I find that many of  my students  have  difficulty telling a story.   I usually start with sequence cards.  They start  getting the idea of sequencing a story and understanding a story has a beginning, middle, and end.  At this point they get bored with the sequence cards and still need work on being able  to elaborate from that basic structure.   I am always looking for  ways  to expand their experiences from the typical sequence cards and allow for more imagination and story plot development.

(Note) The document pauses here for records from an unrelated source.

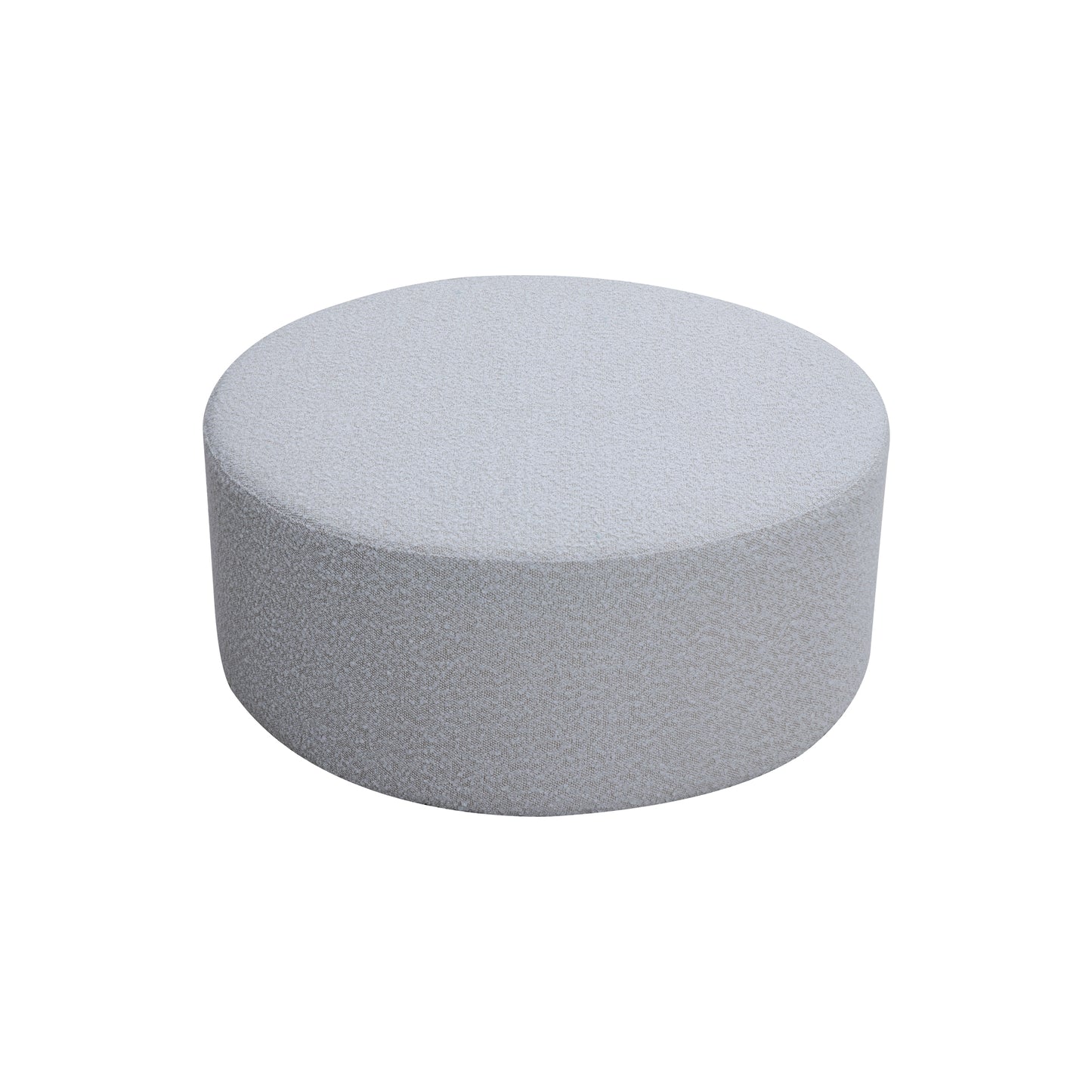 Textured round light gray ottoman with soft fabric for comfortable seating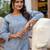 Floral Embroidered Thread Work Pure Cotton Kurta With Trouser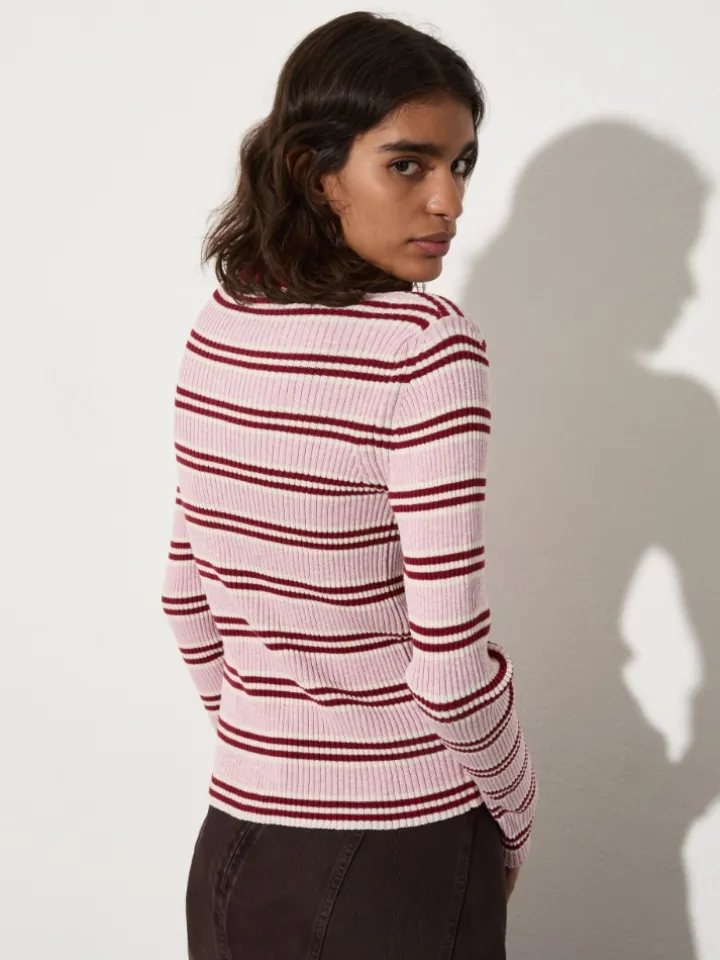 Striped polo-neck jumper - red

Just before winter break, I found an free app for my iPad  that allowed students to develop story plots much like using puppets.  They were  able to make animated stories and the structure of the program encouraged them to construct a story with sequence and plot development. The best part was they could replay their creations and critique them.   The program has built in  flexibility allowing them to add their own drawings and speech.   It also allowed them to  add  music and set a mood.   I was impressed that it was child friendly and allowed for imagination to develop.  This is a program that actually allows  for imaginative play.

My daughter and I had a fun time trying the program out.   The app came from toontube.launchpadtoys.com.  I want to thank this company for providing a high quality program free.  It runs with little  interference from advertisement, although they would like you to purchase more characters and scenes.

Currently my employer has restrictions on purchasing apps for our iPads until they get the logistics worked out.  This leaves me  exploring  the world of free apps. When this  restriction is lifted,  this app will be on my list for more characters and scenes.